3.3 Multidimensional causal variables and minimal causal variables

In many real-world scenarios, each $z_t$ is not a single scalar variable but a collection of factors—like $z_t^1, z_t^2, \ldots, z_t^k$ —each controlling a different aspect of the observed phenomenon. For instance in a 3D scene: $z_t^1$ might govern the horizontal position of an object, $z_t^2$ might govern its color, $z_t^3$ might control the background hue, and so on. Each dimension can be intervened upon, either individually or collectively.

A topic of intense inquiry is identifying minimal causal variables—the smallest set of variables that suffice to describe the system's causal dynamics. This is concerned with parsimony: we prefer a minimal set of factors, as that fosters better interpretability and reduces superfluous modeling overhead. Moreover, minimality is often tied to better identifiability properties. If the model lumps multiple distinct factors into a single dimension, it can obscure which interventions specifically affected the observed changes.

3.4 Connection to the broader CRL field

TRIS is not an isolated phenomenon, but rather one instance of a broader push within CRL to incorporate real-world complexities like time, interactions, and direct manipulations. Indeed, one might see parallels with frameworks such as structural recurrent neural networks, partially observable Markov decision processes, or other sequential generative models. What sets TRIS apart is the explicit notion that we do not just passively track data over time; we actively intervene and measure the consequences.

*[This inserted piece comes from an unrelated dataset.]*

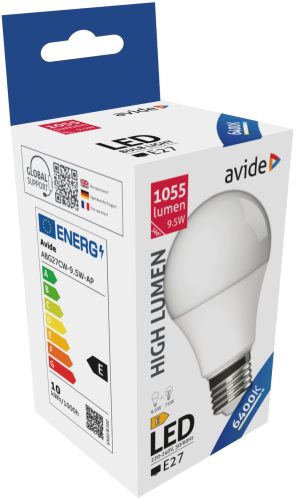 Avide led izzó  E27 9,5W hidegfehér (933009)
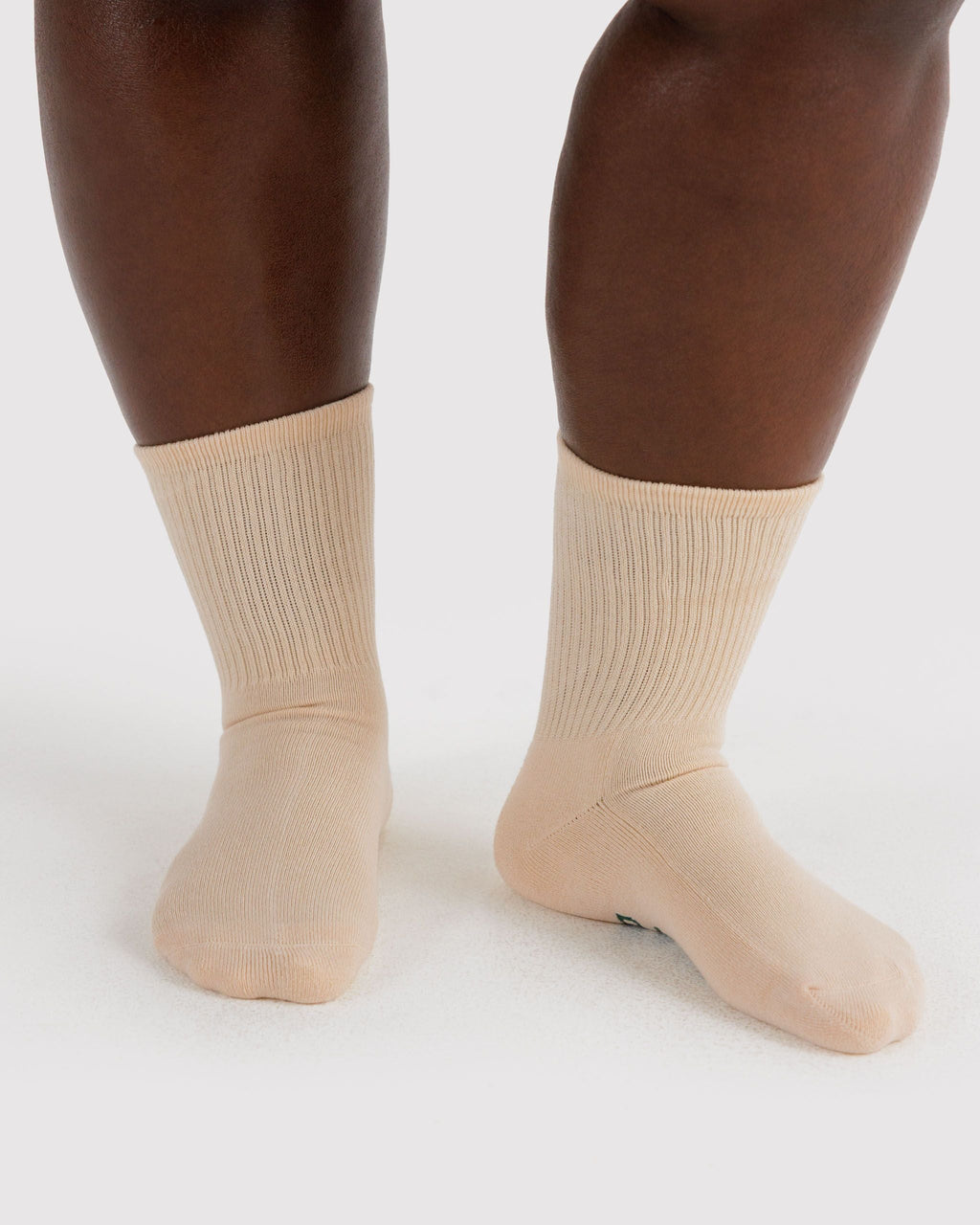 Ribbed Sock in Ecru - Comfortable Everyday Style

This is why TRIS is such an attractive setting for methodologists seeking to push the boundaries of causal representation discovery.

4. Introducing CITRIS

Now that you have a grasp on how CRL differs from statistical learning and how the TRIS setting encodes temporal interventions, we move on to a specific framework known as CITRIS ( info Causal Identifiability from Temporal Intervened Sequences). Proposed in Lippe and gang (2022a), CITRIS takes a stance that by combining temporal consistency with strategic interventions, one can learn an invertible mapping from high-dimensional observations to stable causal factors. The name CITRIS is a direct nod to the fact that it is designed to exploit the TRIS setup in order to achieve identifiability of causal variables.

4.1 Motivation: learning causal variables from high-dimensional data

The impetus behind CITRIS is straightforward if you consider the typical challenges of modern data. Real-world data—especially images or sensor readings—are massive in dimension. A single raw image might contain thousands of pixels, each with multiple color channels. Identifying the underlying causal factors from such unstructured data can feel akin to searching for a needle in a cosmic-scale haystack. CITRIS addresses this by imposing structure on the problem:

Temporal consistency: Observations close in time should share consistent factors.
Interventions: The moments when these factors are forcibly changed reveal which dimension is truly controlling which aspect in the observed domain.
Invertibility: A structure in the latent space ensures that each dimension corresponds to a genuinely distinct causal factor.

4.2 CITRIS at a glance (Lippe and gang, 2022a)

CITRIS can be conceptualized as a family of generative or inference-based models that incorporate both a forward mapping from latent factors to observations and a backward (i.e., encoder) mapping from observations to latent factors. The forward pass can be described as:

x_t = G(z_t; \theta)

where $z_t$ is the vector of latent causal variables at time $t$ and $\theta$ are the parameters. The backward pass involves an encoder:

q_{\phi}(z_t \mid x_t)

that attempts to invert $G$ and uncover the latent interacting components from the high-dimensional data. CITRIS extends these building blocks by layering in a transition prior that captures how $z_t$ evolves under interventions, as well as constraints that enforce partial or full invertibility. Additionally:

• The approach exploits minimal causal variables to ensure a principled factorization.
• A target classifier might be tacked on to help ensure that the assigned factors are indeed relevant to the interventions or targets of interest.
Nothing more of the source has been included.